How pricing works — reserve daily time blocks
Section titled “How pricing works — reserve daily time blocks”The day is split into three 8-hour time blocks, aligned to global peak hours and shown in your local timezone. Reserve one, two, or all three blocks — all three gives full 24/7 coverage.
| Block | Window (UTC) | Price |
|---|---|---|
| Asia-Pacific | 00:00 – 08:00 | $39/mo |
| Europe | 08:00 – 16:00 | $49/mo |
| Americas | 16:00 – 24:00 | $45/mo |
During your reserved hours, usage is truly unlimited — no tokens to count, no budget cap, no overage charges. The only ceiling is 1 concurrent request per key (create more keys for parallelism). Outside your reserved blocks, the key does not serve traffic.

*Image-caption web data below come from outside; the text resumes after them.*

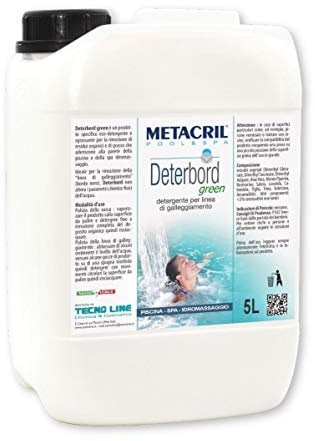 METACRIL Deterbord Green 5 Lt. Eco-DETERGENTE e SGRASSANTE a PH Neutro per Linea di galleggiamento - Ideale per Piscine e Spa IDROMASSAGGIO - SPEDIZIONE IMMEDIATA
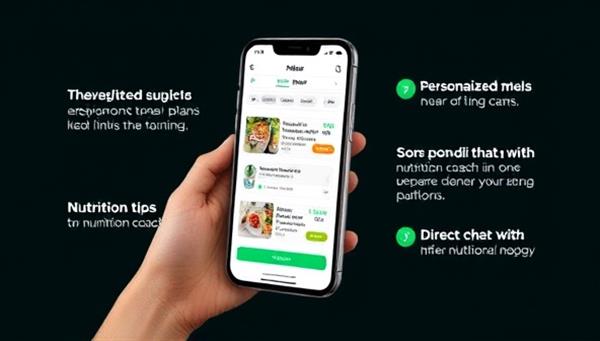 An engaging visual of a smartphone screen displaying the NutriLink app interface, with personalized meal plans, nutritional tips, and a direct chat feature with a nutrition coach, illustrating user-friendly technology and expert guidance in one platform.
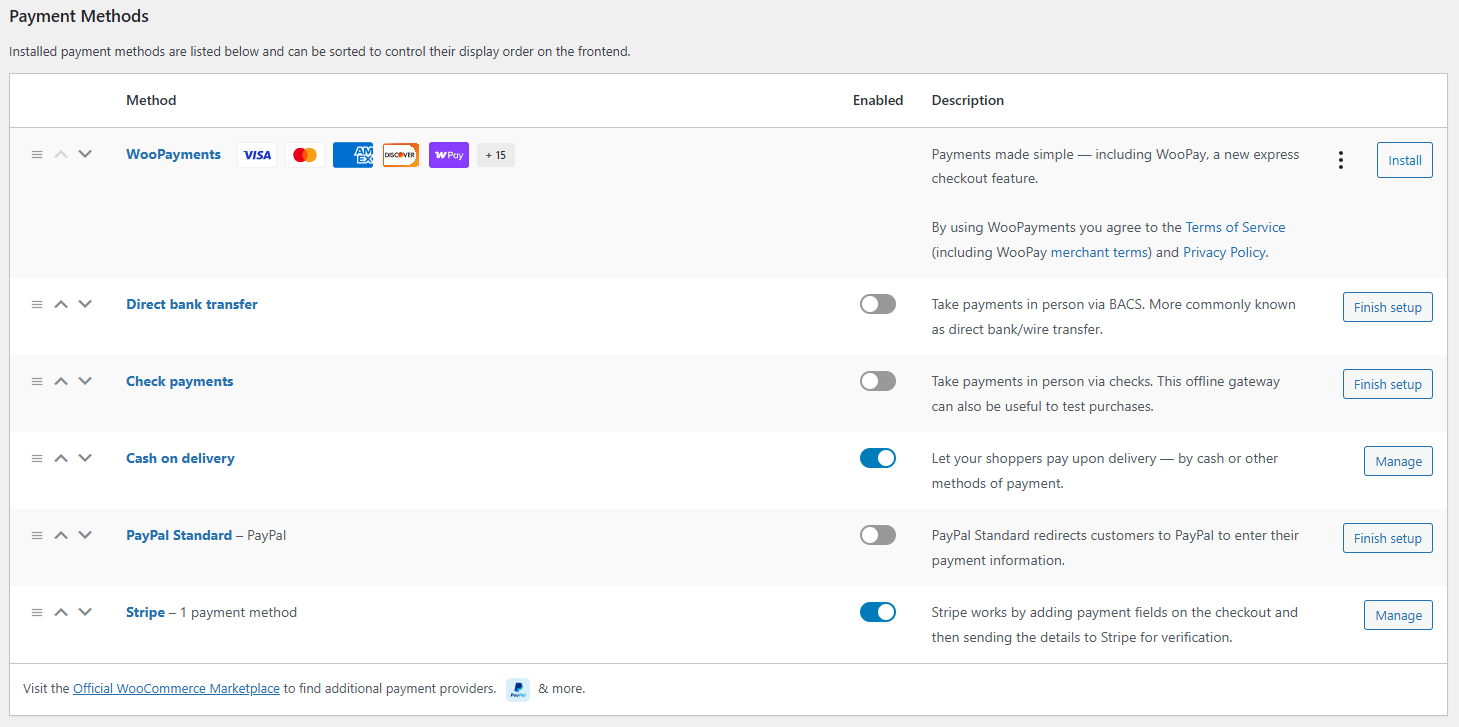 Payments tab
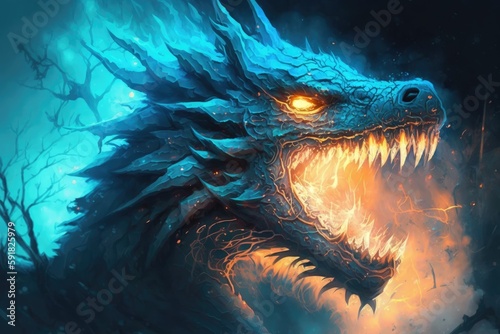 fierce dragon roaring with its mouth wide open. Generative AI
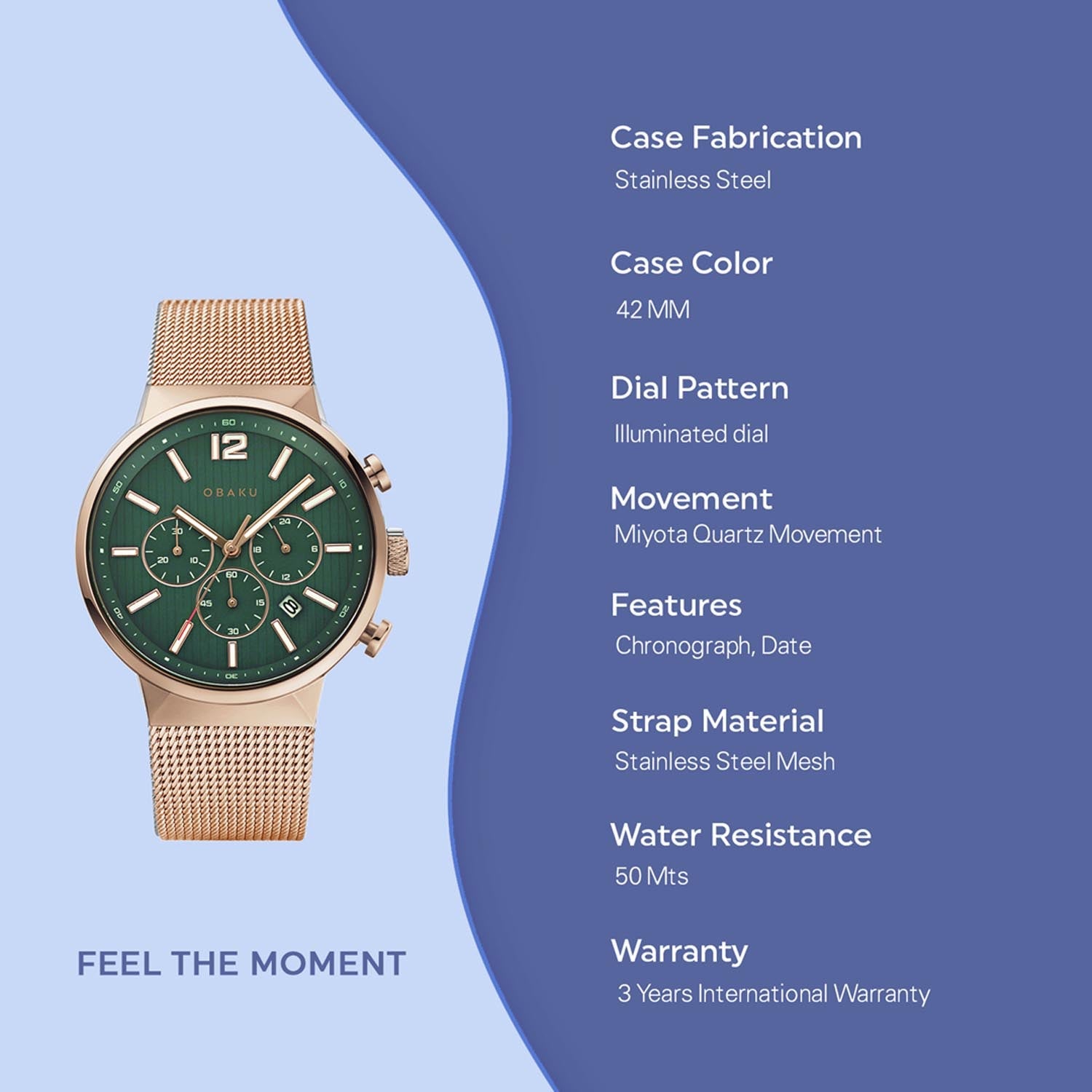 Obaku Storm Olive Chronograph Men's Watch - V180GCVEMV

- Annual billing saves ~15% and is available per block.
- The authoritative source for live pricing and availability is the pool page: cheapestinference.com/pools.
Models in the pool
Section titled “Models in the pool”All three models are available throughout your reserved blocks. Use GET /v1/models for the live list.

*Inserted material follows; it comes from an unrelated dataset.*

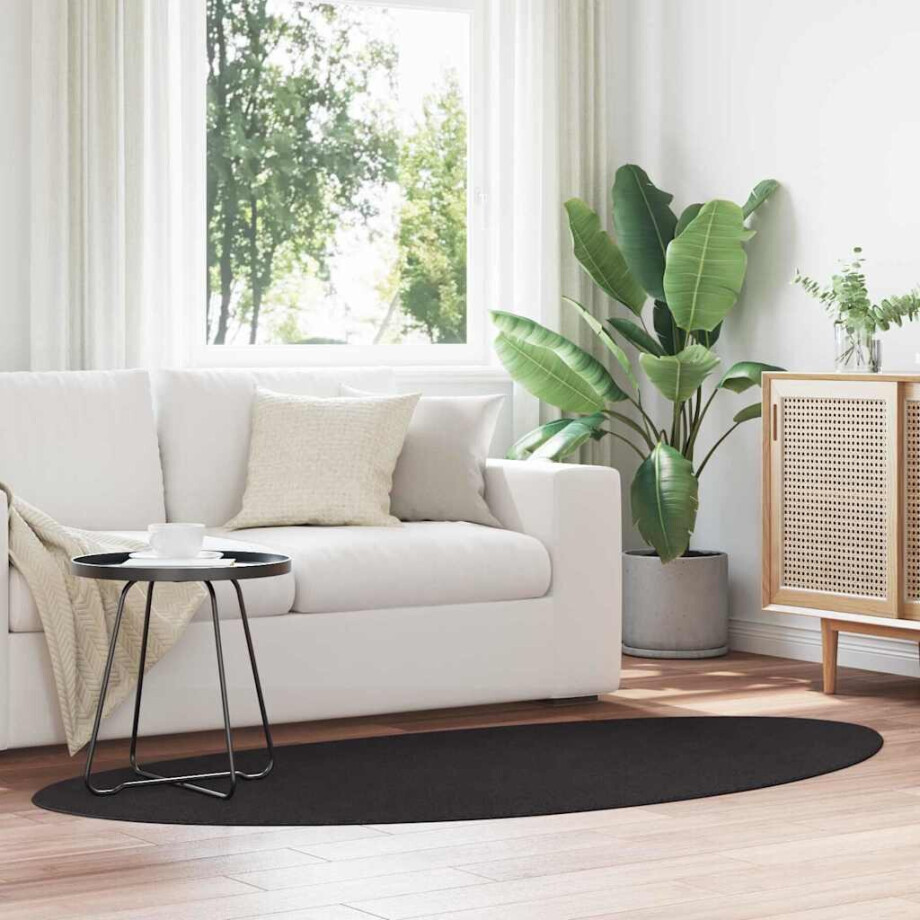 vidaXL Vloerkleden HUARTE Zwart 100 x 200 cm Polyester afbeelding 1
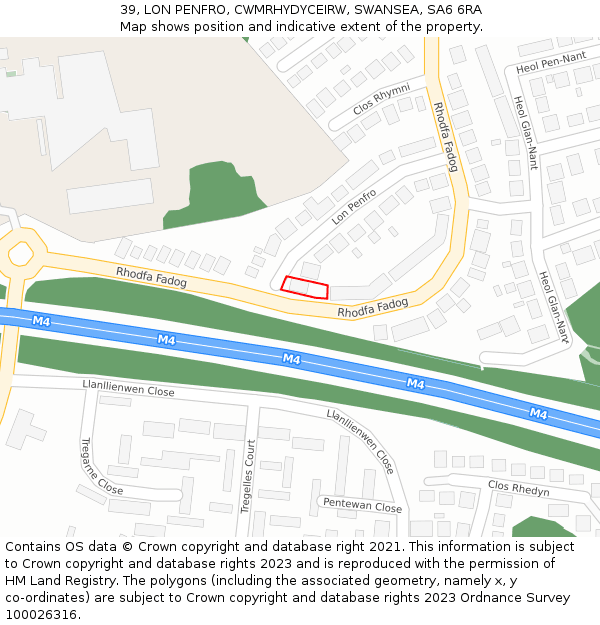 39, LON PENFRO, CWMRHYDYCEIRW, SWANSEA, SA6 6RA: Location map and indicative extent of plot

| Provider | Model | Model ID | Input $/M | Output $/M |
|---|---|---|---|---|
| Moonshot | Kimi K2.6 | kimi-k2.6 | $0.450 | $2.250 |
| Zhipu (Z.ai) | GLM 4.7 | glm-4.7 | $0.400 | $1.750 |
| MiniMax | MiniMax M2.5 | MiniMax-M2.5 | $0.270 | $0.950 |
The prices above are the underlying per-token cost from the inference provider, shown for comparison only. On a time-block subscription you pay a flat monthly fee — not per-token charges. Per-model details: Kimi K2.6, GLM 4.7, MiniMax M2.5.

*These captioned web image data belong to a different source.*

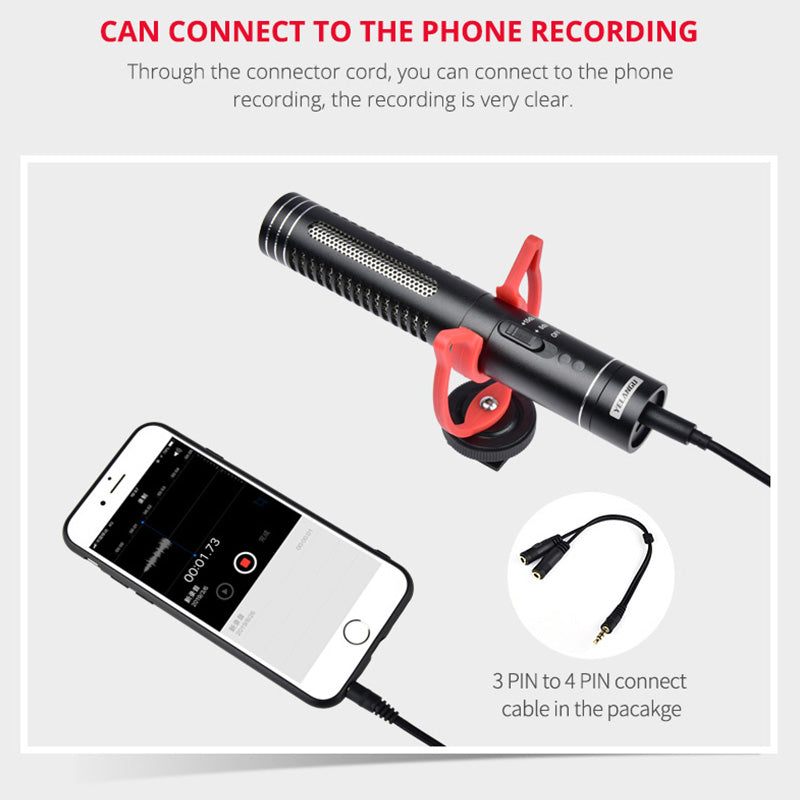 Yelangu MIC05 Electric Professional Super-Cardioid Universal Gun Shape Camera Microphone Video Mic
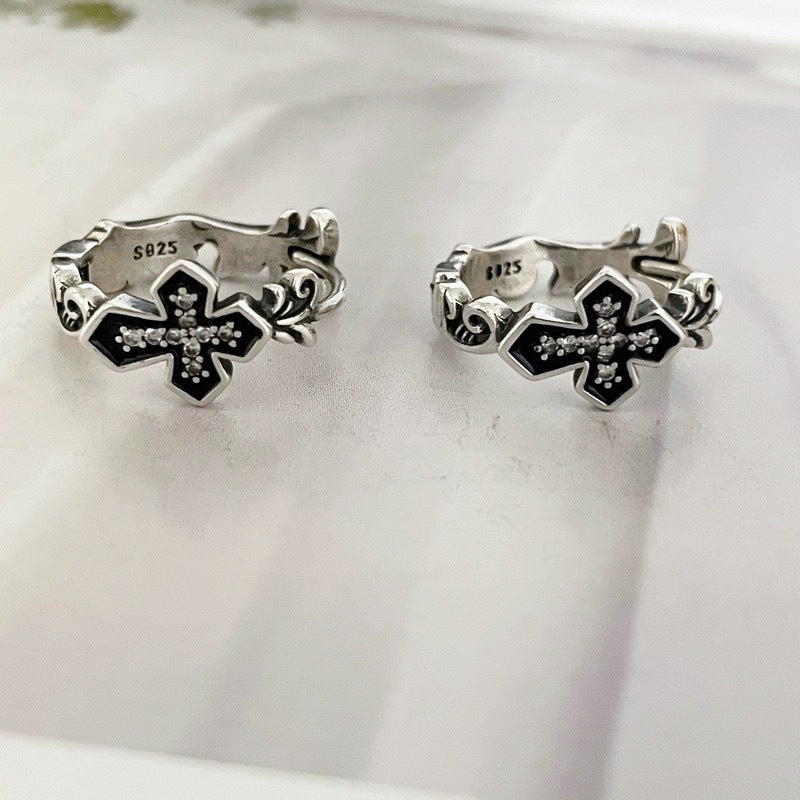 925 Sterling Silver Cross Inlaid with Zirconia Personality Trendy Fashion Retro Earrings Niche Versatile Hypoallergenic Stud Earrings
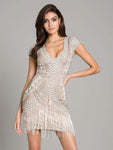 V-neck Beaded Cutout Back Zipper Plunging Neck Short Cap Sleeves Geometric Print Sheath Natural Waistline Sheath Dress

More pools via community pledges
Section titled “More pools via community pledges”Additional pools open through community pledges. Pledge for a model at cheapestinference.com/pools; when enough subscribers commit to a specific model, a new pool activates. See the Unlimited Subscriptions API for the full subscribe flow and response shapes.
Credits (pay-as-you-go)
Section titled “Credits (pay-as-you-go)”Don’t want a time-block subscription? Top up credits starting at $10. Any amount accepted, no maximum. Credit keys have 600 RPM by default. Budget is consumed as you use the API and never resets — top up again when depleted. See the Credits guide.
Payment methods
Section titled “Payment methods”| Method | For |
|---|---|
| Card (Stripe) | Time-block subscriptions (monthly + annual) and credits |
| USDC on Base | Subscriptions and credits |
| x402 | Agent subscriptions and credits (no human setup needed) |
Subscriptions renew on their billing cycle (monthly or yearly). Cancel anytime — access continues to the end of the paid period.
How rate limits work
Section titled “How rate limits work”Rate limits are enforced at the key level:
- Concurrency — 1 in-flight request per key during your reserved block. Create additional keys to run requests in parallel.
- RPM / TPM — Credit keys are rate-limited per minute; exceeding the limit returns
429. Limits reset every minute and are not shared between keys.